Field of the Invention
The present invention relates to cross-bar circuits, and particularly relates to a crossbar circuit implementing a switch of a broadband processor. BACKGROUND AND SUMMARY OF THE INVENTION
In digital processing systems, one of the basic operations is rearranging or copying portions of an operand. Prior art systems, such as current general purpose microprocessors (Pentium, MIPS, ARM, SPARC, PowerPC, etc.), implement this basic operation in various special circuits, such as shifters, rotators, field extractors, or byte permuters.
Digital processing is now being extended to new applications such as broadband processing in which very general rearrangements of bits are required to accomplish various sophisticated mathematical algorithms needed for encryption and error correction. Such digital processing requires switching circuits, cross-bar circuits, to help accomplish these algorithms. General switching requires a cross-bar circuit, which conventionally contains more transistors than the specialized shifters, rotator, etc. used in the prior art.
Prior art cross-bar circuits require far more bits of control to specify the mapping between the location of output operand bits and the input operand bits from which they are generated.
The present invention provides a cross-bar circuit that implements a switch of a broadband processor. The present invention describes a system and method for implementing switching operations that perform completely general permutations and copies at the individual bit level within large operands. The present invention describes a system and method for reducing the transistor count, wire count, and area of a general cross-bar network down to levels comparable to what is achieved in more specialized circuits. This invention involves a novel combination of circuit techniques, including precharged dynamic multiplexors, ground selection, and pseudo- differential sensing against dummy bit lines, which have individually been practiced in digital logic and memory devices.

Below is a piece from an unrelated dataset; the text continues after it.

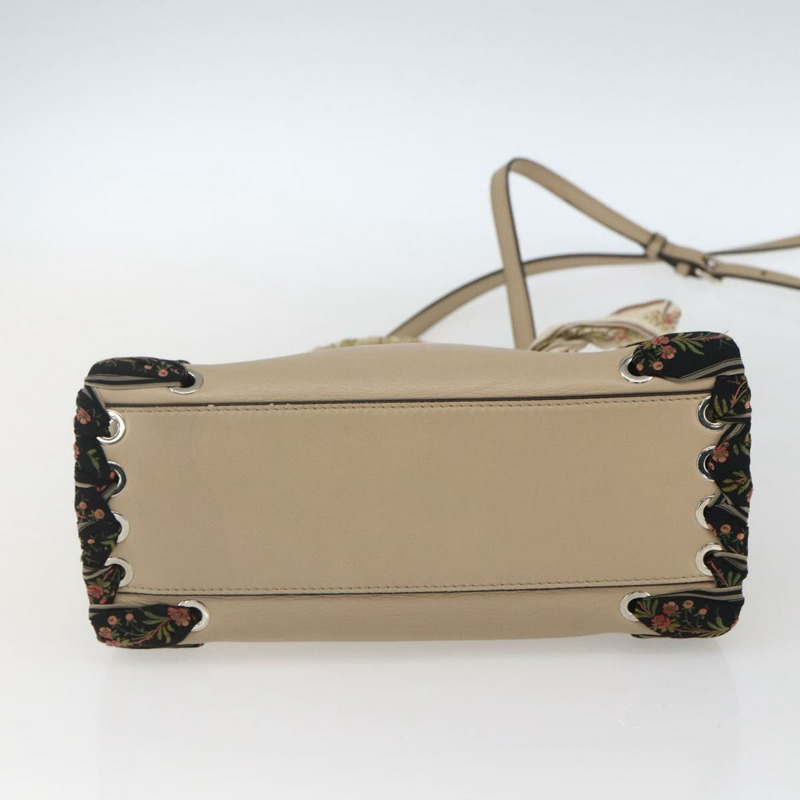 【日本直送】FENDI 迷你 Peek A Boo 手提包 皮革 兩用 米色 銀色 正品 ka1516M-4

The present invention implements the system and method for utilizing wide operands further described in commonly-assigned U.S. Patent Application No. 09/382,402 to provide these control bits from a small cache memory physically located close to the cross-bar circuit. The present invention also describes a system and method for utilizing the cross-bar circuits to perform conventional specialized operations as well. These operations have a great deal of redundancy in their control state. The present invention describes a system and method for generating the large number of control bits of the cross-bar circuit (e.g. typically more than 1,000 bits) from a much smaller number of control bits for conventional operations (e.g. typically fewer than 100 bits). This invention conserves the resources and delays that would otherwise be incurred in the use of the wide operand memory referred to in the previous paragraph.
The present invention describes a system and method to implement a cross-bar circuit, memory, and control of a switch of a broadband processor, that (1) requires (a) a small area of silicon, (b) very low power, (c) a small number of transistors, (d) a small number of wires, and (e) only two metal layers, (2) operates at a high speed, and (3) has high functionality.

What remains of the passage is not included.